Interactive Pipelines#

The plots built up over the first few tutorials were all highly interactive in the web browser, with interactivity provided by Bokeh plotting tools within the plots or in some cases by HoloViews generating a Bokeh widget to select for a groupby over a categorical variable. However, when you are exploring a dataset, you might want to see how any aspect of the data or plot changes if varied interactively. Luckily, hvPlot makes it almost trivially easy to do this, so that you can very easily explore any parameter or setting in your code.

hvPlot registers the .interactive() method on many of the PyData data structures, e.g. a Pandas or GeoPandas or Dask DataFrame, an Xarray DataSet. Calling .interactive() returns an interactive object (e.g. an interactive Pandas DataFrame), that can be used as if it was the original object (e.g. calling regular Pandas methods) and whose output (e.g. a DataFrame view) will be re-computed everytime one of its inputs change. The inputs are widgets (e.g. a drop-down list), that replace values you would usually hard-code and manually update to observe how they affect the output. When such an interactive object is displayed in a notebook, it includes the widgets that you have used together with the regular output.

Panel widgets#

Before using .interactive() we will need a widget library, and here we will be using Panel to generate Bokeh widgets under user control, just as hvPlot uses Panel to generate widgets for a groupby as shown previously. Let’s first get ahold of a Panel widget to see how they work. Here, let’s create a Panel floating-point number slider to specify an earthquake magnitude between zero and nine:

import pathlib

import holoviews as hv
import hvplot.pandas # noqa
import numpy as np
import pandas as pd
import panel as pn

pn.extension(sizing_mode='stretch_width')
mag_slider = pn.widgets.FloatSlider(name='Minimum Magnitude', start=0, end=9, value=6)
mag_slider

The widget is a JavaScript object, but there are bidirectional connections between JS and Python that let us see and change the value of this slider using its value parameter:

mag_slider.value
6
mag_slider.value = 7

Exercise#

Try moving the slider around and rerunning the mag_slider.value above to access the current slider value. As you can see, you can easily get the value of any widget to use in subsequent cells, but you’d need to re-run any cell that accesses that value for it to get updated.

hvPlot .interactive()#

hvPlot provides an easy way to connect widgets directly into an expression you want to control.

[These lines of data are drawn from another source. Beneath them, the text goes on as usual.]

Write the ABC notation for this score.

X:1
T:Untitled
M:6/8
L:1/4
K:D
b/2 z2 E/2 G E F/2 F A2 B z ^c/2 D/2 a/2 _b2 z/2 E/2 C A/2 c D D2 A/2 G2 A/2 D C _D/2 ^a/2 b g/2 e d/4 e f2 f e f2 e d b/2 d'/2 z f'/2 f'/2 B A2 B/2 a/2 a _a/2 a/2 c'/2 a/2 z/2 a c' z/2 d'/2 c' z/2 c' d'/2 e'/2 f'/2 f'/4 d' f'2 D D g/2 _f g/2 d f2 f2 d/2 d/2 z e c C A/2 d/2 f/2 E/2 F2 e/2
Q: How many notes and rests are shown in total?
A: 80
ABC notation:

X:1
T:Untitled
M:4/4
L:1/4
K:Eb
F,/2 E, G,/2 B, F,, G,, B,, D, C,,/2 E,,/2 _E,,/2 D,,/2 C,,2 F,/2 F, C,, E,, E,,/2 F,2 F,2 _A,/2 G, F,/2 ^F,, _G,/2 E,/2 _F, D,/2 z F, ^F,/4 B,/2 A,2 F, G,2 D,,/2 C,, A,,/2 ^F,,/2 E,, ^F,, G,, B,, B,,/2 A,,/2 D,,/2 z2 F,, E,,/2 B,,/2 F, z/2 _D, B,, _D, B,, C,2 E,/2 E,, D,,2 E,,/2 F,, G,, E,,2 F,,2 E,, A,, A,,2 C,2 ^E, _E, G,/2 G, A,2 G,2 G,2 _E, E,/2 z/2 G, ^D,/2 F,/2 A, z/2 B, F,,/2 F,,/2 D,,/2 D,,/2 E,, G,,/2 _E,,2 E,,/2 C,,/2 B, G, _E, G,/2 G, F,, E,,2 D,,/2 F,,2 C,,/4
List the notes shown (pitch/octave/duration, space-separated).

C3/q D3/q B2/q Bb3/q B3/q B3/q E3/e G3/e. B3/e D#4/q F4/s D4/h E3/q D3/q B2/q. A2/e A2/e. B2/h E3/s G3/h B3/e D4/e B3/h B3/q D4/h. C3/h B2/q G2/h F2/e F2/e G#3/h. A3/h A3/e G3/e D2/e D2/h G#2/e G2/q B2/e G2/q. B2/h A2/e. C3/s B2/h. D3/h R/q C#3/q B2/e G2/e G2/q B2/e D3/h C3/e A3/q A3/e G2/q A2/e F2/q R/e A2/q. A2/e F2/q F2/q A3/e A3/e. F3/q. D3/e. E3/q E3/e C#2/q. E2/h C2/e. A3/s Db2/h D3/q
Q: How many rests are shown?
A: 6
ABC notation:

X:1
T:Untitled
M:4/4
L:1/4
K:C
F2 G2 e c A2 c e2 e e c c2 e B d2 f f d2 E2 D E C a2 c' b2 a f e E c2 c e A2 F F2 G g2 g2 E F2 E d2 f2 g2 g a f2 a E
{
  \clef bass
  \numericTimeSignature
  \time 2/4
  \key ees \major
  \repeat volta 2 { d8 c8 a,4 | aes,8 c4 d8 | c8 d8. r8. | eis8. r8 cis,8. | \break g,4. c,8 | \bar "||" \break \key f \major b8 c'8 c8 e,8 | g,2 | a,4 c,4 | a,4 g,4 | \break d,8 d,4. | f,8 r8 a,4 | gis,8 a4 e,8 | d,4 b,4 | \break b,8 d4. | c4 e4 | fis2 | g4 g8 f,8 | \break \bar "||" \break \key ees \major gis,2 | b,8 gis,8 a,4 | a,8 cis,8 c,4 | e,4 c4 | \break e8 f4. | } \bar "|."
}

First, let’s read in our data:

%%time
df = pd.read_parquet(pathlib.Path('../data/earthquakes-projected.parq'))
df = df.set_index('time').tz_localize(None)
CPU times: user 3.36 s, sys: 649 ms, total: 4.01 s
Wall time: 2.42 s

Now, let’s do a little filtering that we might want to control with such a widget, such as selecting the highest-magnitude events:

WEB_MERCATOR_LIMITS = (-20037508.342789244, 20037508.342789244)

df2 = df[['mag', 'depth', 'latitude', 'longitude', 'place', 'type']][df['northing'] < WEB_MERCATOR_LIMITS[1]]

df2[df2['mag'] > 5].head()
mag depth latitude longitude place type
time
2000-01-31 07:25:59.740 5.4 33.0 38.114 88.604 southern Xinjiang, China earthquake
2000-01-29 08:13:10.730 5.4 60.7 -8.633 111.137 Java, Indonesia earthquake
2000-01-29 02:53:54.890 5.1 100.0 4.857 126.259 Kepulauan Talaud, Indonesia earthquake
2000-01-28 22:57:51.700 5.6 83.4 -9.691 118.764 Sumbawa region, Indonesia earthquake
2000-01-28 22:42:26.250 5.5 10.0 -1.347 89.083 South Indian Ocean earthquake

What if instead of ‘5’, we want the output above always to reflect the current value of mag_slider? We can do that by using hvPlot’s .interactive() support, passing in a widget almost anywhere we want in a pipeline:

dfi = df2.interactive()

dfi[dfi['mag'] > mag_slider].head()

Here, .interactive is a wrapper around your DataFrame or Xarray object that lets you provide Panel widgets almost anywhere you’d otherwise be using a number. Just as importing hvplot.pandas provides a .hvplot() method or object on your dataframe, it also provides a .interactive method or object that gives you a general-purpose interactive Dataframe driven by widgets. .interactive stores a copy of your pipeline (series of method calls or other expressions on your data) and dynamically replays the pipeline whenever that widget changes.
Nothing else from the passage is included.